Thomas Gottschalk hasn’t learned anything – but hopefully we have

Thomas Gottschalk hasn’t learned anything – but hopefully we have

Thomas Gottschalk is once again hit by a shitstorm. “Why is he even being interviewed anymore?” many people ask. We need confrontation, especially at Gottschalk.

Oh, how undignified it was when Thomas Gottschalk was driven out of the hall on an excavator shovel in the last “Wetten, dass…?” program, complaining bitterly. The presenter complained that he could no longer speak on television like he did at home. He had previously told Shirin David that he didn’t look like she was a feminist and managed to treat a child in a wheelchair insensitively. That was in November 2023. A lot of time has passed since then – but Gottschalk did not use it to reflect. The current headlines make this clear.
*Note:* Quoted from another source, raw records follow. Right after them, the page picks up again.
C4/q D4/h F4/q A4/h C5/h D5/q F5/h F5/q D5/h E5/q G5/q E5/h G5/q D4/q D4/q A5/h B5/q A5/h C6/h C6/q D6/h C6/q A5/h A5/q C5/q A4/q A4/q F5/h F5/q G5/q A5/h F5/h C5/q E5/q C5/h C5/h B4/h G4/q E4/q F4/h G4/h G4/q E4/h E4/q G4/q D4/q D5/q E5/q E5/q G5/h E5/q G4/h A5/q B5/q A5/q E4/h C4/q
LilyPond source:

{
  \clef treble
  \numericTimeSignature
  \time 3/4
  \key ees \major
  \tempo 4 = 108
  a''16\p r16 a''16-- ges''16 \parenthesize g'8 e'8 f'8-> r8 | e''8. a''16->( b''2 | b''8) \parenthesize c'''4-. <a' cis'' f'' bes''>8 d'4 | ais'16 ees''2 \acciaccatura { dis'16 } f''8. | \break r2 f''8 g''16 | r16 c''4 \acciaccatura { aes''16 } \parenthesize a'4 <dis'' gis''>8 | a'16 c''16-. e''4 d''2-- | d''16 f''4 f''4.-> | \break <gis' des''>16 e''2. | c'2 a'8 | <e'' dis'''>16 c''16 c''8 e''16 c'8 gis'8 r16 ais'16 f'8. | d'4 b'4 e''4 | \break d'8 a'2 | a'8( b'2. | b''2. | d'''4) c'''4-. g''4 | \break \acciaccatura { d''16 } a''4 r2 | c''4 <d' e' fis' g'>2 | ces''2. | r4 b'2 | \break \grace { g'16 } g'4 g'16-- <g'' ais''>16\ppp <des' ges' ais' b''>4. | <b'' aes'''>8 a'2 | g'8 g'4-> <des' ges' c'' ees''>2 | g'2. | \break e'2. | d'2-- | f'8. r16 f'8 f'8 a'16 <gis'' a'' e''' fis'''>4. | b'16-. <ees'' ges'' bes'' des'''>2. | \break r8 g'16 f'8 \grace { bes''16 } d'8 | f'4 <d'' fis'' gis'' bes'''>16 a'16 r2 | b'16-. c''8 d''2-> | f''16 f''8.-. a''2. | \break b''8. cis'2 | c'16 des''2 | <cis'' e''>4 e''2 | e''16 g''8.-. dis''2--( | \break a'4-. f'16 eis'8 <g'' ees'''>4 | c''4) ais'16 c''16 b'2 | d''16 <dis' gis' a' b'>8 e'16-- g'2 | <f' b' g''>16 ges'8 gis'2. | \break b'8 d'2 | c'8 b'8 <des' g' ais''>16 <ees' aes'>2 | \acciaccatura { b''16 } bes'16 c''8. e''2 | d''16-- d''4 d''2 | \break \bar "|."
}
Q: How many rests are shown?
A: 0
Short summary: Gottschalk complained to “Spiegel” that, among other things, he no longer dared to go into an elevator alone with a woman for fear of #MeToo accusations and claimed that he had touched female guests on TV “purely on business.” In the WDR program “Kölner Treff” he lamented that today he had to think first before saying something: “That’s bad.” Especially in the very confrontational “Spiegel” interview it was easy to see how much Gottschalk remains stuck in old structures.

Thomas Gottschalk is not just any former TV star

The statements made waves and that’s a good thing – even if the relevance of the whole thing was questioned in many places online and people complained that Gottschalk was even given a stage. Media critic Stefan Niggemeier commented on “X”: “The interviewers are usually right, but why should we keep blaming him? He’s just a former TV star.” But it’s not that simple.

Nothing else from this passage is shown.